- _DATA EXTRACT_:
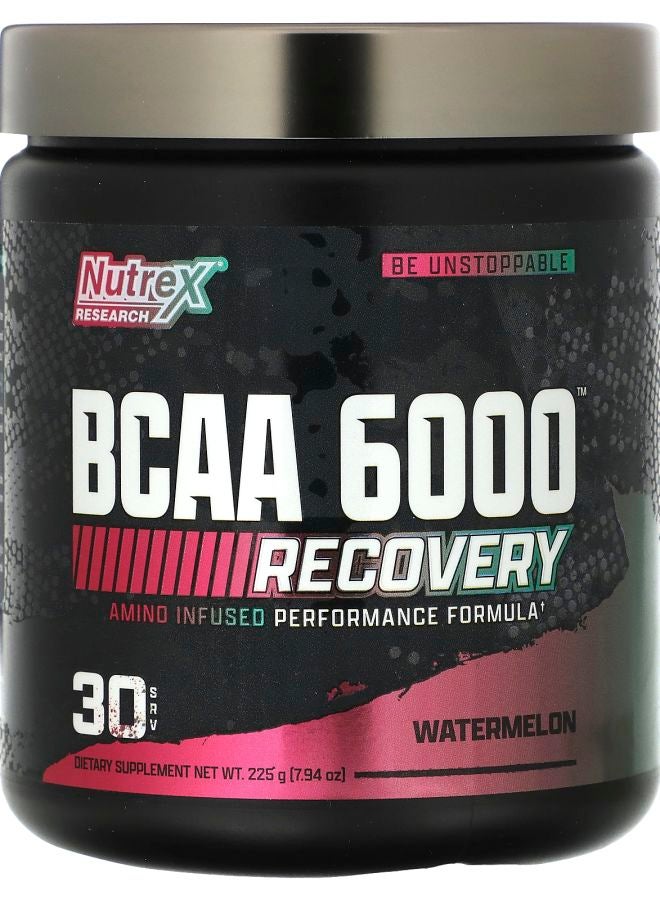 Nutrex Research BCAA 6000 Recovery Watermelon 7.94 oz (225 g) - Image 1
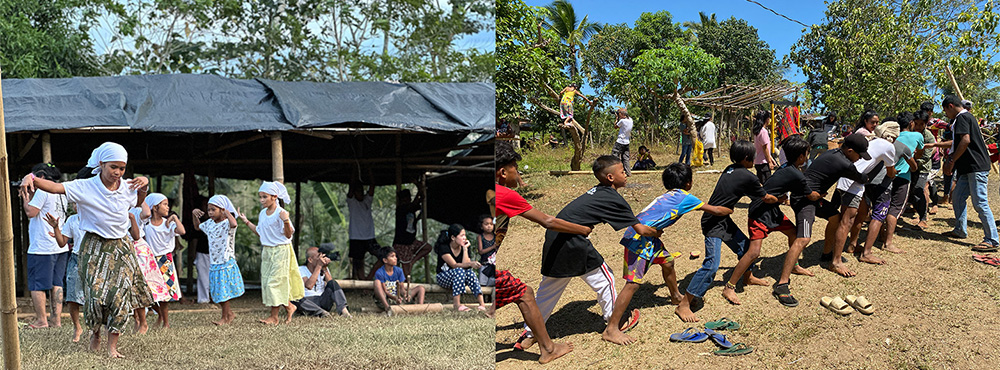 Indigenous youth from different communities showed their talents in traditional dancing followed by their traditional games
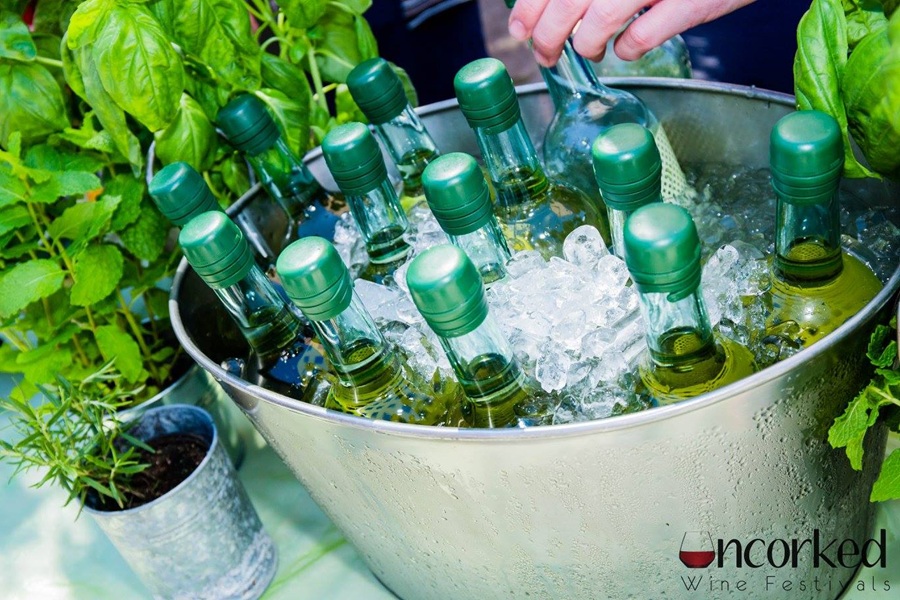 bucket of wine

- _HOW TO COMPLETE THIS TASK_: Each word of the data should be repeated exactly, and the pictures left out.

- _PROBLEM SOLUTION_:
 Nutrex Research BCAA 6000 Recovery Watermelon 7.94 oz (225 g) - Image 1
 Indigenous youth from different communities showed their talents in traditional dancing followed by their traditional games
 bucket of wine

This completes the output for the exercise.